- TASK TO COMPLETE: Among the lines of the material, copy those that hold the string "premium".

- RECORDS PROVIDED:
※ ※ ※
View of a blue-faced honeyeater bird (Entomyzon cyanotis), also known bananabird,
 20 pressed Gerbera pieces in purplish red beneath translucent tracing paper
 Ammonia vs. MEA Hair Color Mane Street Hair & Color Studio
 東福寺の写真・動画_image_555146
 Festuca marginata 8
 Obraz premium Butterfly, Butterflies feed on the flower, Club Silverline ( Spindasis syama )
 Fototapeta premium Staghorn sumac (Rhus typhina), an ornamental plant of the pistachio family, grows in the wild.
※ ※ ※
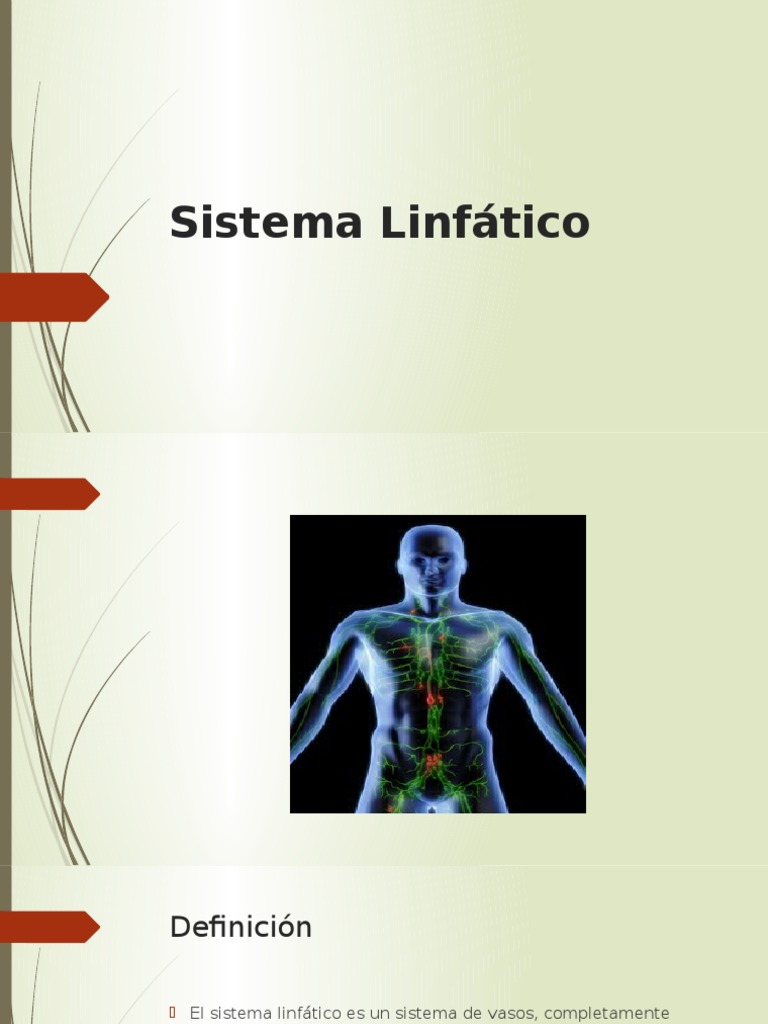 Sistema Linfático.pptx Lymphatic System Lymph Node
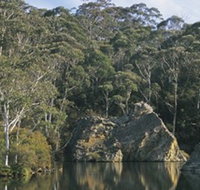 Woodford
※ ※ ※
- SOLUTION:
 Obraz premium Butterfly, Butterflies feed on the flower, Club Silverline ( Spindasis syama )
 Fototapeta premium Staghorn sumac (Rhus typhina), an ornamental plant of the pistachio family, grows in the wild.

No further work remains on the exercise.